Teachers and students at Chief Joseph Middle School in Richland will have to deal with ice cold and blazing hot classrooms for a little longer.
The Richland School Board and district administrators have moved quickly to replace the aging heating and cooling units at the school since voters passed a $98 million bond in February.
Unfortunately, it will take another four months to design the new units and longer for parts to come in, said district officials. That means the district can't get the project done this summer and the school will have to make it through one more school year with the current system.
The $5 million Chief Joseph project was one of the least expensive items to be funded by the bond, which will build several elementary schools, a middle school and other construction. However, district officials said a bond would be the only way the district could finance the project.
Employees at the school have said temperatures in the building can vary widely, even from room to room, regardless of the time of year. Repairs to the system are costly because some new parts have to be specially made since they aren't commercially available.
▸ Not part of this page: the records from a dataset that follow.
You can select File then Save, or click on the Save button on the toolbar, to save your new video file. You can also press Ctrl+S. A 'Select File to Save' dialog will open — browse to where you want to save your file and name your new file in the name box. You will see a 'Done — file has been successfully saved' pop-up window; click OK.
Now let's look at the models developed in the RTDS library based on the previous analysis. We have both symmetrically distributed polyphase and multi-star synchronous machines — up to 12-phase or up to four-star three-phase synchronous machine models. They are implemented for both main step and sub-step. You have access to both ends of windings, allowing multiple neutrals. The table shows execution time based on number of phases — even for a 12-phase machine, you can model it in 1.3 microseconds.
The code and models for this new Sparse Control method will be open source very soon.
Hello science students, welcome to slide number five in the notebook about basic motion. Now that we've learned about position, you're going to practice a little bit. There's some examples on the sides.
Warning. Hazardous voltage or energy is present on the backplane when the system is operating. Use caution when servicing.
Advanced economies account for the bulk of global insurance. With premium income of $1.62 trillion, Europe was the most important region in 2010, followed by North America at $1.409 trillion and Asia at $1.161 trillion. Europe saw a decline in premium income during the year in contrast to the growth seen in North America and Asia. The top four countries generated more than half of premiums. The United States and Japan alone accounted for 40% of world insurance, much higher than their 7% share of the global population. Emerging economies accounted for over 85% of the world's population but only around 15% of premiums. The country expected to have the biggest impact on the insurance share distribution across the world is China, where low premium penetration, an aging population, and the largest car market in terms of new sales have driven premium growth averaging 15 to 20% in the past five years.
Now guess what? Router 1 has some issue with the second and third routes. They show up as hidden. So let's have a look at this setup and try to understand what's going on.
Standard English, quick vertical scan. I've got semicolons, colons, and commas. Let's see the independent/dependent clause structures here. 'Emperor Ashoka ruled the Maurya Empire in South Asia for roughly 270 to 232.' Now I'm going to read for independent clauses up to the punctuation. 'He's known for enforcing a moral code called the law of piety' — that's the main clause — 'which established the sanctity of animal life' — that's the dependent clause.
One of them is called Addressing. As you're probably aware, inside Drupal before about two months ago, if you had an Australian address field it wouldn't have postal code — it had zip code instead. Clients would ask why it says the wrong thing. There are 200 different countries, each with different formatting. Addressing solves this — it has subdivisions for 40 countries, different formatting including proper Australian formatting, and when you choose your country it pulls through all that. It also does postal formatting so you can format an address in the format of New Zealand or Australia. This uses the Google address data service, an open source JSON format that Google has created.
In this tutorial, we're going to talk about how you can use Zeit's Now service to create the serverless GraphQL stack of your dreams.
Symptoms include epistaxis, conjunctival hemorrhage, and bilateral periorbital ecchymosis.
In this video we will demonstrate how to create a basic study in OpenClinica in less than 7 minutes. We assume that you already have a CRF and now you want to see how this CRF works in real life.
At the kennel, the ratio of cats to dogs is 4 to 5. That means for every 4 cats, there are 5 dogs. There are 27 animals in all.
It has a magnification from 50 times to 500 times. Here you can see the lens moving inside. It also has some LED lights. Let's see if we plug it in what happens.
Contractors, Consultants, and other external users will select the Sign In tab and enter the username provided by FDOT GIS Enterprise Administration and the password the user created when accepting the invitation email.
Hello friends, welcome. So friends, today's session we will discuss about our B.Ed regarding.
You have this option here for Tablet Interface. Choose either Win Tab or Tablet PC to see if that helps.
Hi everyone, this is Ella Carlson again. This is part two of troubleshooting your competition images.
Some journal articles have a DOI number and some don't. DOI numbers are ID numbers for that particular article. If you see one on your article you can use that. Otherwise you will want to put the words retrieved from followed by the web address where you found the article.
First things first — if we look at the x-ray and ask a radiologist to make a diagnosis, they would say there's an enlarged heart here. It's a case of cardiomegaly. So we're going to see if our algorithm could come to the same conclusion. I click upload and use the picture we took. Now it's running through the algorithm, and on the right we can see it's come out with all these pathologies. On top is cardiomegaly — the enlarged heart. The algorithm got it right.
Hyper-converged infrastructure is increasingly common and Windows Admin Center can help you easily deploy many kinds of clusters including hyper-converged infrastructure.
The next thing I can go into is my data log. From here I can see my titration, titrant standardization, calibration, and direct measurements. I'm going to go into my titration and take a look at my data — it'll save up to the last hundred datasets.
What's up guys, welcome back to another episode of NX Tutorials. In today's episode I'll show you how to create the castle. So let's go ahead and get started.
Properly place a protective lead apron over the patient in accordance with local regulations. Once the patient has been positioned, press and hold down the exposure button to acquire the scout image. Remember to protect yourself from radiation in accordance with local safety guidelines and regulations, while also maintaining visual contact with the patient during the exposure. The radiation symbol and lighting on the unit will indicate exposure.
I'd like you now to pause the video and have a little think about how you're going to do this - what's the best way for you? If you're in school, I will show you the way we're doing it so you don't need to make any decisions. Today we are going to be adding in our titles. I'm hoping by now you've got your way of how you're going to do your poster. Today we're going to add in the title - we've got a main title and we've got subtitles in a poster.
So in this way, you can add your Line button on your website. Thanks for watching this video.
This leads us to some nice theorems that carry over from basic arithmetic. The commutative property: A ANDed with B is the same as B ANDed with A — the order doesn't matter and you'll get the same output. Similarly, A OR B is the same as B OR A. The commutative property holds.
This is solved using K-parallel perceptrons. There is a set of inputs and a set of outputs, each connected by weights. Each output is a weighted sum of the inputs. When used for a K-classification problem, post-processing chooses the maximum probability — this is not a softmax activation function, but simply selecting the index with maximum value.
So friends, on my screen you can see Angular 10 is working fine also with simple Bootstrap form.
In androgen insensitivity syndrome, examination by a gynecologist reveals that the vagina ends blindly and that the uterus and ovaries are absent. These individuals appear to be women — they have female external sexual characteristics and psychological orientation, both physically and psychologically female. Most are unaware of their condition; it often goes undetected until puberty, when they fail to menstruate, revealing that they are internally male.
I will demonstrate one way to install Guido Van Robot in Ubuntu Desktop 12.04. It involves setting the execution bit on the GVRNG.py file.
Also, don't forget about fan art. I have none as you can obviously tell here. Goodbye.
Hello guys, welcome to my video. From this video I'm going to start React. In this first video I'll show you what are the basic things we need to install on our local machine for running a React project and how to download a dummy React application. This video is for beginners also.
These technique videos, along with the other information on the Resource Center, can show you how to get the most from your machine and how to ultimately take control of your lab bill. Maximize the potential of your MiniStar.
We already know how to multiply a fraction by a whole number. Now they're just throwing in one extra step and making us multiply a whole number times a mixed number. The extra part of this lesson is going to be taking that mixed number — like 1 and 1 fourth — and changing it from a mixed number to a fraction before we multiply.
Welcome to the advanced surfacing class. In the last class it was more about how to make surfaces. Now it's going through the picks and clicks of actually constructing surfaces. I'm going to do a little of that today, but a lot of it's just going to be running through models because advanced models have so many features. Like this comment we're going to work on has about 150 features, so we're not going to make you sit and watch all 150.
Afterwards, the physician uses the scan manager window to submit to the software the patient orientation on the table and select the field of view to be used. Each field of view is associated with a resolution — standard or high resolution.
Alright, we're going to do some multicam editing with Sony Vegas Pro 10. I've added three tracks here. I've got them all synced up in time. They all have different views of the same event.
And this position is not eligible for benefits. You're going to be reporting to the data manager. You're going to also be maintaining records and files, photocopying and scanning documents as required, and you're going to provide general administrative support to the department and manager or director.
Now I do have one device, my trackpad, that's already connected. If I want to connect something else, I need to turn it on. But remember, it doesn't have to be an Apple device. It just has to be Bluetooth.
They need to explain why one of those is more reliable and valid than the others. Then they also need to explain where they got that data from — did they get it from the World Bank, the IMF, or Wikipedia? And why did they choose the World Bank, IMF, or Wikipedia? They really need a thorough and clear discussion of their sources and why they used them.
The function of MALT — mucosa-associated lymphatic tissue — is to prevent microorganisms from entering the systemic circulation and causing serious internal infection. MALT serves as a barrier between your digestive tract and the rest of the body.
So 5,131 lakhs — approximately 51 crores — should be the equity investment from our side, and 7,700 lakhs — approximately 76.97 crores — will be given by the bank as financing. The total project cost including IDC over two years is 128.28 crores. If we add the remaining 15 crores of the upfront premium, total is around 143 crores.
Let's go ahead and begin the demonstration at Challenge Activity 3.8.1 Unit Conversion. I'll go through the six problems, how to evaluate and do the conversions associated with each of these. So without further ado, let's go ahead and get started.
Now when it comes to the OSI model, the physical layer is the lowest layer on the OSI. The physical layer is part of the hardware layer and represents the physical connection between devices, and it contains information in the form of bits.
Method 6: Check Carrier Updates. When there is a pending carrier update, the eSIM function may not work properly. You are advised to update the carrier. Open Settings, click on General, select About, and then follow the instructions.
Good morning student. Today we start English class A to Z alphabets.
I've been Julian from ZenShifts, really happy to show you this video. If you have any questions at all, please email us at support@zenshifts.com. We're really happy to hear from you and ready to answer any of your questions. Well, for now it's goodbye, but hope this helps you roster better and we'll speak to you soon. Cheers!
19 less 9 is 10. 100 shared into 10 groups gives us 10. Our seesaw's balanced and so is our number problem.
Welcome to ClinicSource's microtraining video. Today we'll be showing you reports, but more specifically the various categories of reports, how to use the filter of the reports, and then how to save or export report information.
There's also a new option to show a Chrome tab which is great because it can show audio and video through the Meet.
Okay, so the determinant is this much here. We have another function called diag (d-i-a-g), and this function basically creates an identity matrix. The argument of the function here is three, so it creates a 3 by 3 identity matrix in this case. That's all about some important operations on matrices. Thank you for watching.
The new units will be a boiler-chiller system with an estimated lifetime of 30 years.
Interim Superintendent Rich Puryear told the Herald the original plan was to have the new units installed this summer while students were out for break, but the design timeline won't fit that. And the units have to be installed when students aren't in the school.
Puryear said the district's maintenance staff will be able to keep the current units running for one more school year and the new ones will be installed immediately after classes are out in June 2014.